## Action item
In the listing below, the lines starting with the line with "Кейс Karl Lagerfeld" and going on through the line with "City Tangerang Rumah" are to be reproduced exactly, and only those.

## Information supplied
[Start of section]

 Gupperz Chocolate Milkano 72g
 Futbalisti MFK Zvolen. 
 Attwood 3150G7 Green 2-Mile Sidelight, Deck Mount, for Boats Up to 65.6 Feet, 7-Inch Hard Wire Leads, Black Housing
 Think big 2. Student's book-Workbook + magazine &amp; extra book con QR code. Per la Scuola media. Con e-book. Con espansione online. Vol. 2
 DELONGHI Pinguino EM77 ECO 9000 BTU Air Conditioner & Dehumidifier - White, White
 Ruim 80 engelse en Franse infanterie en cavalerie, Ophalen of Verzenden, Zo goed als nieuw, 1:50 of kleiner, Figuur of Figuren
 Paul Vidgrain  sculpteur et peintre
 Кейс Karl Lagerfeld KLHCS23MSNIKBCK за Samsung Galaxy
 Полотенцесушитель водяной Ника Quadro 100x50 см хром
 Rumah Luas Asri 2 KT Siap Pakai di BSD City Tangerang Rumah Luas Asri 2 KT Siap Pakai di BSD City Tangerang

[End of section]
[Start of section]

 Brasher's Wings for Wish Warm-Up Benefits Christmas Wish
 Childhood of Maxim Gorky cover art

[End of section]
[Start of section]

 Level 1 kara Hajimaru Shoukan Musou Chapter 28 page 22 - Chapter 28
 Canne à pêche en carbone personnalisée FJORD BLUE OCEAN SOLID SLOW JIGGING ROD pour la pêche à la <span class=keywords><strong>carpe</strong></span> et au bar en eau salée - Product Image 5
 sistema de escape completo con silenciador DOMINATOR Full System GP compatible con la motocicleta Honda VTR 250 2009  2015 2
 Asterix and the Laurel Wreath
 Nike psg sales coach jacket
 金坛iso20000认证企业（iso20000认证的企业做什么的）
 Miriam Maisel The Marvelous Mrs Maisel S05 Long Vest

[End of section]

## Task result
 Кейс Karl Lagerfeld KLHCS23MSNIKBCK за Samsung Galaxy
 Полотенцесушитель водяной Ника Quadro 100x50 см хром
 Rumah Luas Asri 2 KT Siap Pakai di BSD City Tangerang Rumah Luas Asri 2 KT Siap Pakai di BSD City Tangerang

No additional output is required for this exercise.